TSB boss Paul Pester has stepped down from the beleaguered bank after further IT problems saw customers again locked out of their accounts.
It is the latest a string of technology failures that began in April with a botched migration to a new system that saw up to 1.9 million customers denied access to online banking.
The chief executive's seven-year tenure ended with immediate effect on Tuesday morning.
TSB's non-executive chairman, Richard Meddings, will become executive chairman and start the search for a new CEO.
The news came shortly after hundreds of TSB customers posted on social media on Monday that they were experiencing issues including “duplicate transactions”.
Mr Meddings said: “Although there is more to do to achieve full stability for customers, the bank's IT systems and services are much improved since the IT migration.
“Paul and the board have therefore agreed that this is the right time to appoint a new chief executive for TSB.”

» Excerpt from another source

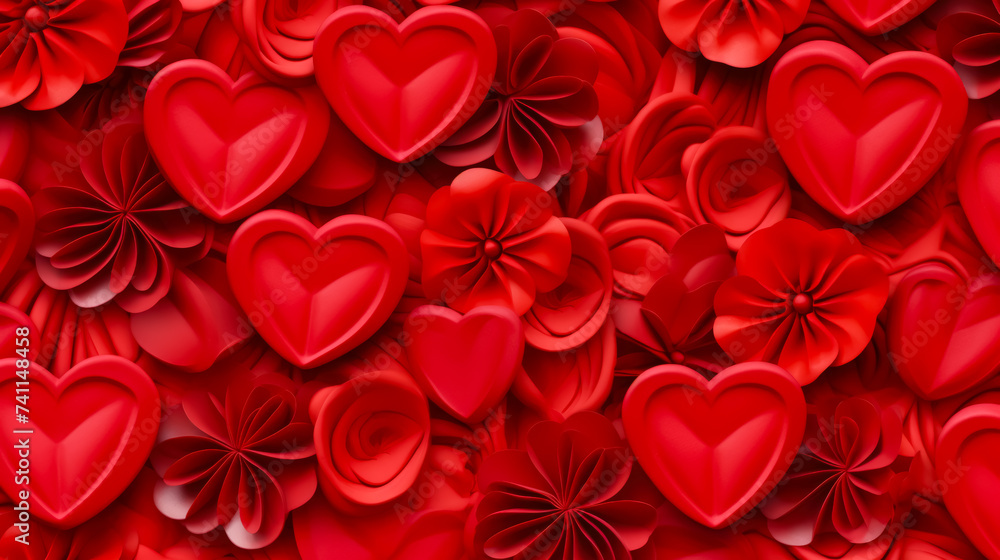 many hearts and flowers together and stacked for the day of love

“Together with the executive committee, we have three immediate priorities: to complete the work of putting things right for customers; to enable the bank to achieve full functionality – including the availability of all product services and launch of a leading business banking offer; and appointing a chief executive for the next chapter of TSB.”
Responding to news he would step down, committee chair Nicky Morgan said: “Since the IT problems at TSB began, Paul Pester set the tone for TSB's complacent and misleading public communications.
”The Treasury Committee, therefore, concluded that it lost confidence in Dr Pester's position as chief executive of TSB.
“In this light, it is right that he is stepping down.
“But the Committee remains concerned about the continuing problems at TSB, including unacceptable delays in compensating customers who have been badly let down.
“It is to be hoped that Dr Pester's successor is able to restore the confidence of the bank's long-suffering customers.”